Always do your homework and be darned near 100% certain that you are planting a strain [or strains] with an extremely high probability of surviving and thriving in your specific terroir.

One other thought about the strongly AFWE experience produced by non-vinifera strains: These wines need MASSIVE EXPOSURE TO AIR.

Think of the meanest, nastiest, most-acidic tannin-laden mess which you have ever tasted in your life - maybe Henri Gouges from a cold vintage with the greenie meanies ? - and how much oxygen exposure that wine needed before it opened up, and then multiply that experience by a factor of ten.

Non-vinifera wines are packing so many anti-oxidants [or maybe it’s so few oxidants?] that they can easily take a week or more [after first opening] before they soften up enough to be able to show their true selves.

You forgot Ripple! :wink:

Here’s a latitude line for the town of Romulus, NY, which produced the Riesling [u]that John D. Zuccarino enjoyed so much[/u] earlier this year:

And it’s way north of the entire state of Connecticut, so IN THEORY you have enough sunlight to grow anything which grows up there in Romulus.

IN PRACTICE, however, you’ll still be restricted to the specifics of your micro-terroir:

  1. Can you get a good angle on the sunlight [preferably a small rise on the northern end of the property, facing south]?

  2. Are they any obstructions [trees or buildlings] which would cast shadows and block sunlight?

  3. Are you near a body of water [maybe a large mill pond?] which would emanate enough warmth to help protect you against late season frosts?

One other thing - while you’re waiting through the first two seasons with your vines, when you have to drop all your fruit, until you can allow the fruit to ripen in the third season - you could be purchasing fruit and practicing your vintnery skills in anticipation of someday growing your own grapes.
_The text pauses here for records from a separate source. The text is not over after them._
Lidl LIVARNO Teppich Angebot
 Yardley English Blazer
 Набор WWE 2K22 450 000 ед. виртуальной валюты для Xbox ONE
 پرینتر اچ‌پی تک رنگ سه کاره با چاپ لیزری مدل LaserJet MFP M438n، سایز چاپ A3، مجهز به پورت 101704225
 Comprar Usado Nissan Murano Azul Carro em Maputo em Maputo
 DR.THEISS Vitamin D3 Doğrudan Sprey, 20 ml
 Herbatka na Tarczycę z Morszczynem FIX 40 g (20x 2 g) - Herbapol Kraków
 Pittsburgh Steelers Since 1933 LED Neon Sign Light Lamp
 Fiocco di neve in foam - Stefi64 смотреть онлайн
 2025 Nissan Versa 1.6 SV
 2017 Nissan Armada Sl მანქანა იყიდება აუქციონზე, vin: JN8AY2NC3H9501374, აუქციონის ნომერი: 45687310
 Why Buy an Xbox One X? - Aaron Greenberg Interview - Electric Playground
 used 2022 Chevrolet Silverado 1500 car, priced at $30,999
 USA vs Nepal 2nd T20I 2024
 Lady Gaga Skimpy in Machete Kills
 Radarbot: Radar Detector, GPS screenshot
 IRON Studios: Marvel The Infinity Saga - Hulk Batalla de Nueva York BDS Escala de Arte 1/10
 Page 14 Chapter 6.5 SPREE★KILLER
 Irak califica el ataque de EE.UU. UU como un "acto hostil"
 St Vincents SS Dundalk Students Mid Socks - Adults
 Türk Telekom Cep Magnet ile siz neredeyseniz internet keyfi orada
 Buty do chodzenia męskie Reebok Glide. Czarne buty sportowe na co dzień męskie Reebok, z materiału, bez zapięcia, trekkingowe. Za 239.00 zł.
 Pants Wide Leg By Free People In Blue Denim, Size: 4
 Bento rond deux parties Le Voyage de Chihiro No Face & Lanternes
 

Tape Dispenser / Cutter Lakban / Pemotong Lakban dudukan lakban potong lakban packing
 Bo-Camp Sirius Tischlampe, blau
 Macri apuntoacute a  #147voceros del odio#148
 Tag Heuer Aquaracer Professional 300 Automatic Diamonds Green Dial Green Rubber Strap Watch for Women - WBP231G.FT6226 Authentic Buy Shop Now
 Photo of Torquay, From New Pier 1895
If you can develop a relationship with someone up in the Finger Lakes, who has some nice fruit to sell, then when it comes to picking day, you hop in your cargo van, and drive up there, and have them take the forklift to put a “pallet” of grapes in the back of your van, and then you drive back home, and dump the grapes in the big vat in your garage, and take off your shoes and socks, and jump in and start squishing away all night long.

Or you could go in the other direction - if you could develop a relationship with someone out on the North Fork, then you could take the Bridgeport ferry down to Port Jefferson, and drive out to receive your grapes, and then hope that on the way home, the combination of “van + grapes” doesn’t exceed the weight limit for the return trip at Port Jeff.

Otherwise you’d be looking at driving a van filled with grapes through NYC in the dead of night, which doesn’t strike me as being more fun than a barrel of monkeys.

Looking at that map, the North Fork isn’t such a bad idea. They do good Chenin Blanc out there and other whites, so that’s what I’d look at, and I might call some of the folks up in the Finger Lakes. I really wouldn’t be thinking about Cab and Merlot and Grenache and Syrah and other warm-climate grapes. I might look at what they do in Austria and Hungary - maybe Olaszrizling or something not planted many places. I would also call Cornell - they have a department that specializes in cold-climate wine making. Your specific climate and weather patterns and soil and exposure might be uniquely strange, but your sunlight hours and distribution wouldn’t be so different from what other people are getting. If you were ever so slightly warmer or less humid and wet than the North Fork, you might do pretty well.

Worst case, plant Chardonnay or Sauvignon Blanc - those seem to be what everyone else plants. Or let the deer come and eat the grapes but shoot the deer and make really good deer sausage and deerskin gloves and jackets.